*** Opening of Provided data ***

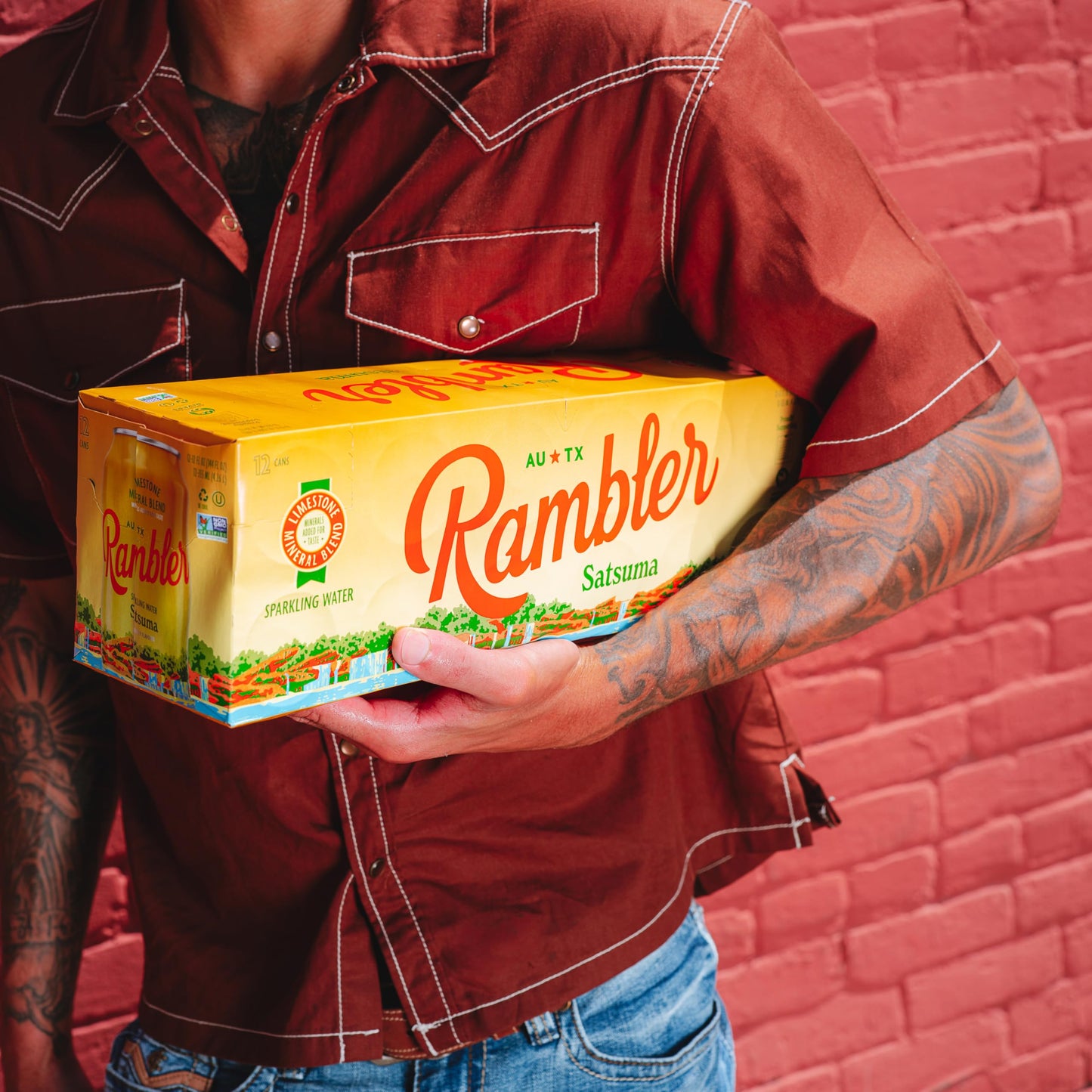 RAMBLER Satsuma Sparkling Water, Texas Limestone Filtered, 12-Ounce Cans, 12-Pack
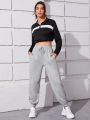 SHEIN Street Sport Letter Graphic Drawstring Waist Sports Pants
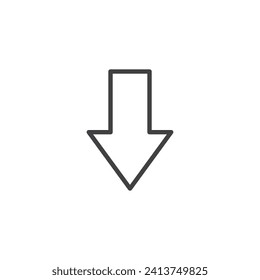 Down arrow line icon. linear style sign for mobile concept and web design. Arrow pointing downwards outline vector icon. Descent or decrease symbol, logo illustration. Vector graphics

*** Close of Provided data ***

The expected output is the exact run of lines from the one containing "SHEIN Street Sport" through the final line of the data above, both ends included, with no pictures.

#### Response area:
 SHEIN Street Sport Letter Graphic Drawstring Waist Sports Pants
 Down arrow line icon. linear style sign for mobile concept and web design. Arrow pointing downwards outline vector icon. Descent or decrease symbol, logo illustration. Vector graphics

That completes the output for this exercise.